Clint would direct his first ever feature film in 1971 with; Play Misty for Me. Also in 1971 Clint would star in the action packed cop thriller; Dirty Harry, which would again give Clint the opportunity to bring one of cinema’s most iconic characters and even spawn four sequels.
By this time, Clint had finally answered his critics and became a genuine Hollywood star and director.
Eastwood would end the 70’s with films like; The Outlaw Josey Wales, The Gauntlet, Every Which Way but Loose (where he shared the screen with Orangutan Clyde) and Escape from Alcatraz.
As the 80’s began, Clint carried on his success with more Dirty Harry sequels, along with returning to his western roots with films like; Pale Rider as well as once again teaming up Clyde for the sequel; Any Which Way You Can.
By the late 80’s, Clint Eastwood was firmly cemented as genuine and bankable Hollywood talent as both an actor and director. A talent which carried over into the 90’s with several films including the simply amazing; Unforgiven. A return to Clint’s humble beginnings of the western genre in which he not only starred, but also produced and directed.
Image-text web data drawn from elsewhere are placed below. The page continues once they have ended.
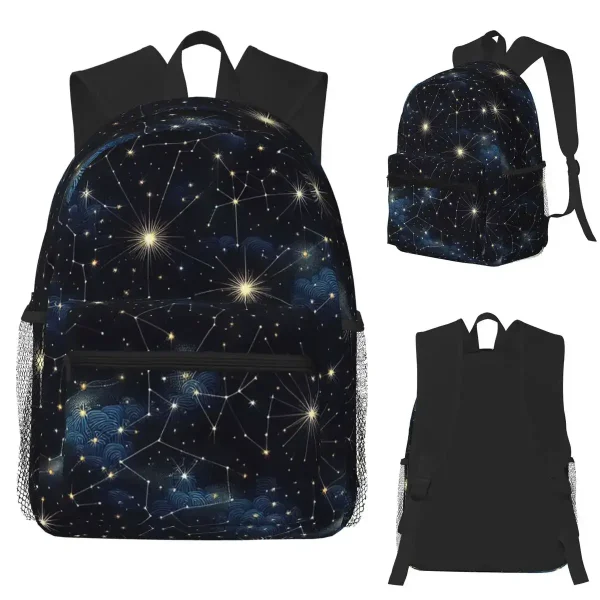 Mochila com padrão de constelação e estrelas brilhantes, perfeita para os amantes da astronomia e da ciência. Design inspirado no universo, ideal para a escola ou passeios.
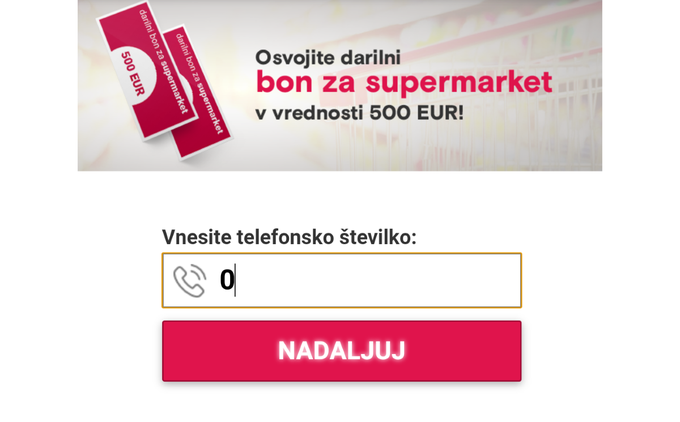 Spletna stran bo sporočilo samodejno poslala na uporabnikovo telefonsko številko, ker jo že pozna, saj je nanjo prišel prek sporočila SMS. Če pa uporabnik to spletno stran obišče kakor koli drugače, se bo pojavil še ta obrazec za vnos telefonske številke. Če se ne želite ukvarjati z nadležnimi sporočili SMS ali zanje celo plačevati, je nikar ne vpisujte vanj. | Foto: Matic Tomšič / Posnetek zaslona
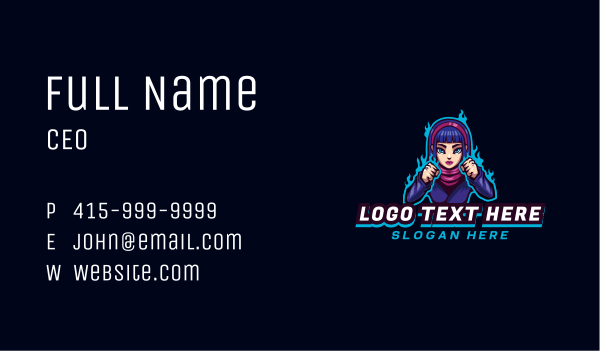 Fighter Girl Gamer Business Card Design Image Preview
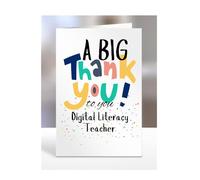 Digital Literacy Teacher card, Thank You, Thanks, Thankyou, Miss you Goodbye, Farewell, Gifts for men, women, presents for Christmas, female, male, A5-150_55
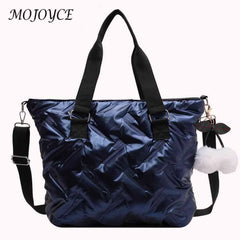Quilted Crossbody Bag with PomPom, Large Capacity Ladies Tote Handbag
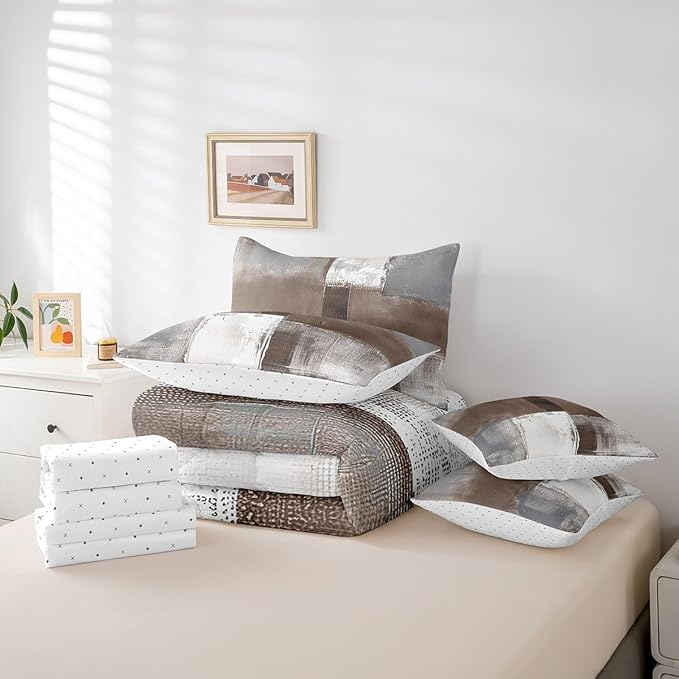 Erosebridal Brown White Grey Bed in a Bag 7 Pieces Graffiti Bedding Comforter Sets with Flat Sheet and Fitted Sheet, Watercolor Twin Bedding Sets with Pillowcases and Throw Pillow Covers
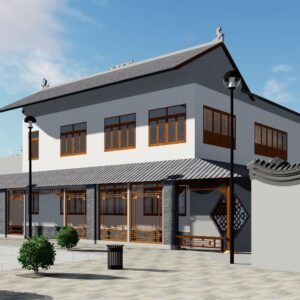 5.全套新中式民宿建筑CAD施工图+SU模型+效果图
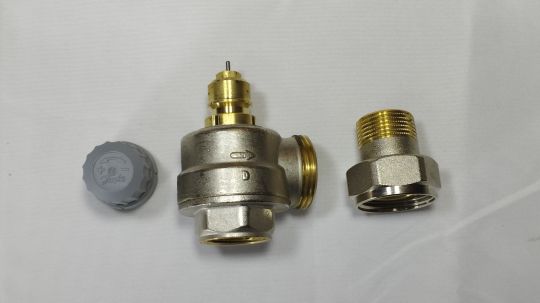 013G3385 Клапан RA-G 20 для однотрубной системы, Ду 20 мм, Kv 0,60-2,0 м3/ч, kvs 3,16 м3/ч, Py 10 бар, Тмакс 120°C, стандарт D, угловой вертикальный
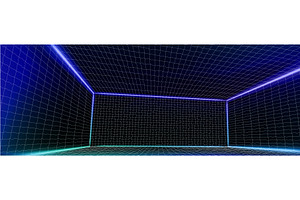 3D wireframe grid room with, a Technology Illustration by art PVP - market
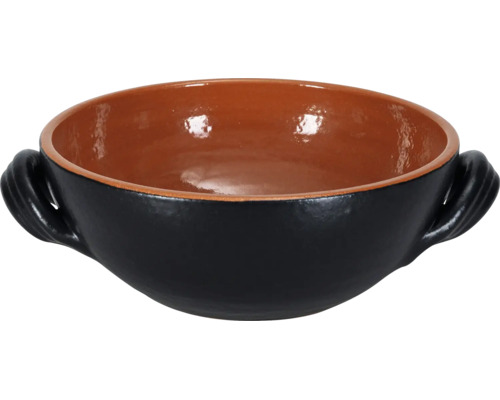 Runde Tonschale mit zwei Griffen für den Servierbereich oder zum Kochen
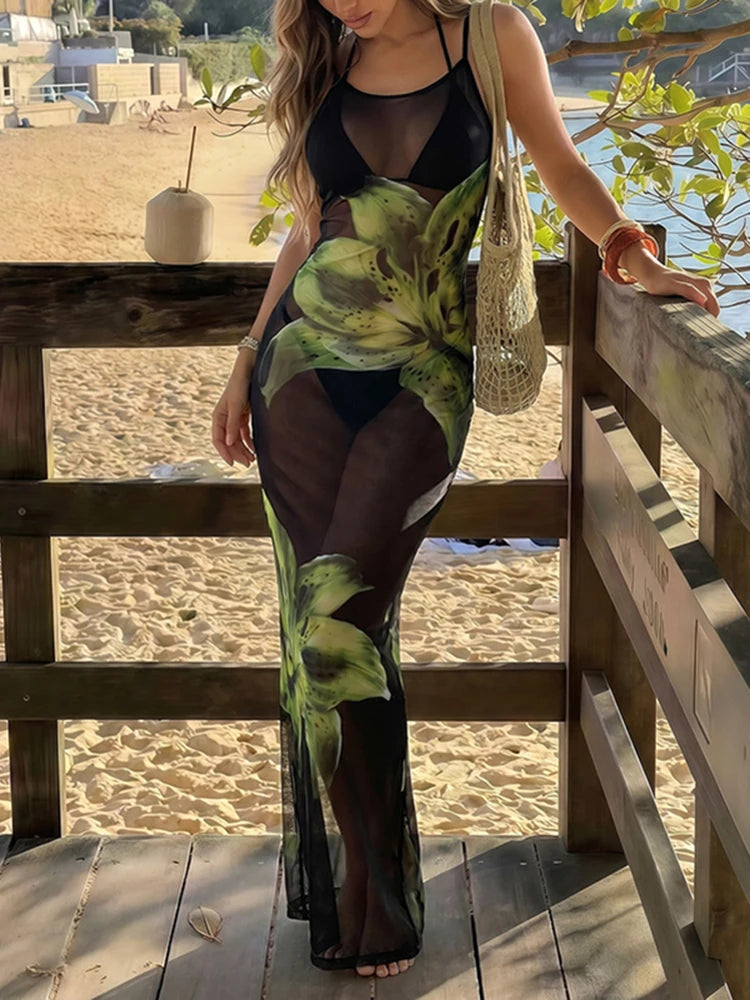 Women Casual Sleeveless Beach Cover Up 2026 Sexy Swimsuit Bikini 3 Piece Outfits Elegant Pattern Printed Slim Fit Swimwear Sets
As the new millennium approached, Clint started to take more of a backseat in terms of acting and concentrated more on directing with films such as; Mystic River as well as; Flags of Our Fathers and Letters from Iwo Jima which was an interesting concept as the two films were companion pieces to each other as both films told the same story of the Battle for Iwo Jima but from two different viewpoints.
While during this time, Clint took more of a directorial role, he still appeared in the odd starring role along the way with; Million Dollar Baby and Gran Torino.
Nowadays, Clint rarely appears in front of the camera with his last film as an actor being; Trouble with the Curve (2012). But he has still directed several films including; Invictus, Hereafter, J. Edgar, Jersey Boys and American Sniper. With American Sniper being his latest film to date in 2014.
From humble beginnings of bit parts and simple TV roles to becoming a genuine and hugely talented Hollywood star and even multiple Oscar winner.
Clint has remained one of the most recognisable actor/directors ever, with a rich & varied filmography while also helping to create some of the most memorable and iconic films and characters along the way. I think it’s more than safe to say that Clint Eastwood has definitely answered his earlier critics over the years.
Happy 85th Birthday to one of my all time favourite actor/directors.
Will Munny: “That’s right. I’ve killed women and children. I’ve killed just about everything that walks or crawled at one time or another. And I’m here to kill you, Little Bill, for what you did to Ned.”